[Python-Dev] Package Style Guide

Andy Robinson andy@reportlab.com
Thu, 8 Jun 2000 09:42:46 +0100


Thanks for all the replies.  We really need a 'style guide'
on package use, so I hope this example can be thrashed
out and used to help others.  We need to decide something
and release next week, and also provide good docs for
other users who will be new to Python.

Apart from the ambiguity, which was a surprise but which 
we can work around, I have some general questions on the
"right thing".  Here are my examples:

1. use of __init__ to save users work
------------------------------------ 
ReportLab has a subpackage called 'platypus' which we have
just reorganized and not yet released.  The division
into subpackages is clear - each exposes a different
kind of functionality - but the division of each
package into modules is based on keeping a sane 
length for each and not on providing a friendly
user interface.

reportlab
    pdfgen
        canvas.py  defines class Canvas
        textobject.py defines class TextObject
        pathobject.py defines class PathObject
    platypus
        (the same problem, but 3x worse)
    lib
        (loads of modules, all independent)

We reached a point where users need to import eight or 
ten classes to do useful work and were having to put eight 
or ten different import lines at the top of every script.  
This just feels dumb and wrong.

So, the 'least messy' idea was to put __init__.py
methods in each subpackage which explicitly import
what they need.  (We have not used "import *")

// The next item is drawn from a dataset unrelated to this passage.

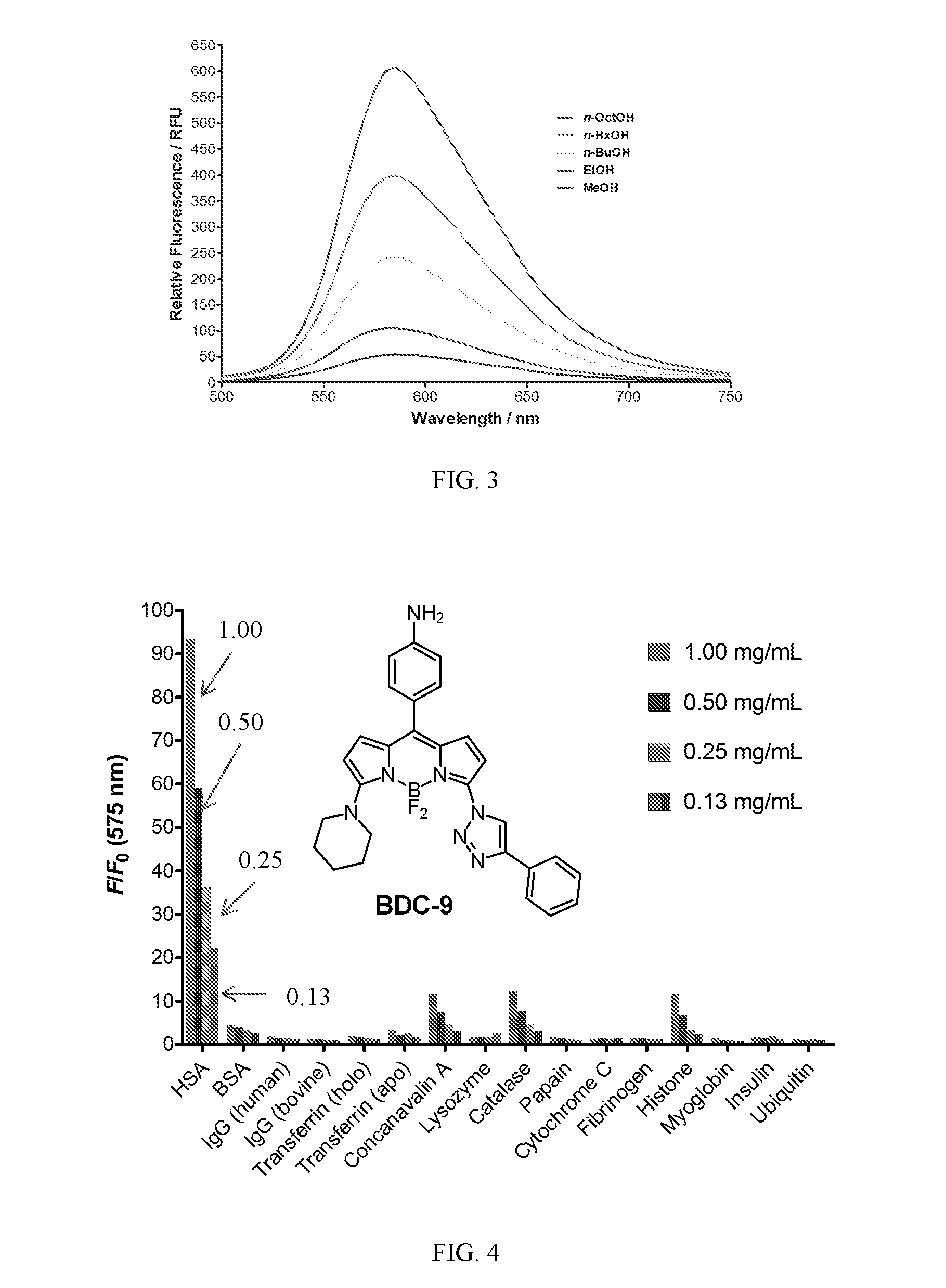 Megastokes amino-triazolyl-BODIPY compounds and applications to live neuron staining and human serum albumin FA1 drug site probing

---reportlab/pdfgen/__init__.py--------
from canvas import Canvas
from textobject.py import TextObject
from pathobject.py impory PathObject

Then users can just do:
from reportlab.pdfgen import Canvas, PathObject, TextObject

It seems that this (a) makes life easier for users, and
(b) gives us freedom to refactor code as it grows, without
changing the user interface.  

Is this style evil?  If so, why? 


2. Ambiguities running scripts within package
---------------------------------------------
We have various test functions scattered 
throughout our distribution.  A control script iterates
through the lot and kicks them off before every release,
executing everything with an 'if __name__=='__main__'
handler.  If these were standalone scripts just for 
testing, they could import "reportlab.platypus.tables"
or whatever.  But if I just want to put a test
routine at the end of "reportlab.platypus.tables"
then I seem destined to run into exactly the ambiguity
outlined before.  

Should test scripts all be moved out of the package?  
Indeed, is Python behaving the way it ought to?

3. Preferred subpackage import technique
----------------------------------------
I have two scripts 'spam.py' and 'eggs.py' in
subpackage 'A.B'.  spam imports eggs.
Should it say...
   import eggs
or...
   import A.B.eggs?

Both work sometimes, but can lead to different
behavious sometimes.  Which is the preferred style?